Nike is now a tech company, as evidenced by its huge bet of what it calls “digital sport.” The brand has massive presence at SXSW this year to promote its FuelBand product and wider Nike Fuel concept. The FuelBand itself is essentially a glorified step counter, data from which Nike combines with a proprietary algorithm to calculate a fuel score – a measure of how physically active you’ve been that day.
And along the way Nike Fuel is going to arm the brand with the crude oil of the digital world: data. It will have access to reams of activity data, thanks to Nike Plus and other products. That will allow the brand to do a range of things with the resulting data, especially in the social space. Its Nike Missions app on Facebook, for example, lets users compete against their friends and professional athletes to see who can accumulate the most points over a specified period of time, and, of course, encourages users to telegraph their interactions across their network.
It’s also integrated with Foursquare. Users can sync their accounts on the popular geolocation service with their fuel bands and visit nikefuelhotspots.com to see at which venues around Austin people are generating the most points.

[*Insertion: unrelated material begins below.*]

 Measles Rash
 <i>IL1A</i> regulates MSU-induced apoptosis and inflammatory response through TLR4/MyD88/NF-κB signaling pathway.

That service is currently geared towards SXSW attendees, but it’s easy to see how that data could open up a range ways for Nike to integrate with a third-party digital products and services. Fuel will become the de facto standard metric to represent physical activity in the digital world, the company hopes.
To that end, it has also launched its first API, which grants third-parties access to users’ fuel data for use in their own applications. It hosted an all-day hackathon yesterday during which it invited developers to create their own mash-ups, a clear sign that it’s eager to reach out to the developer and wider tech community.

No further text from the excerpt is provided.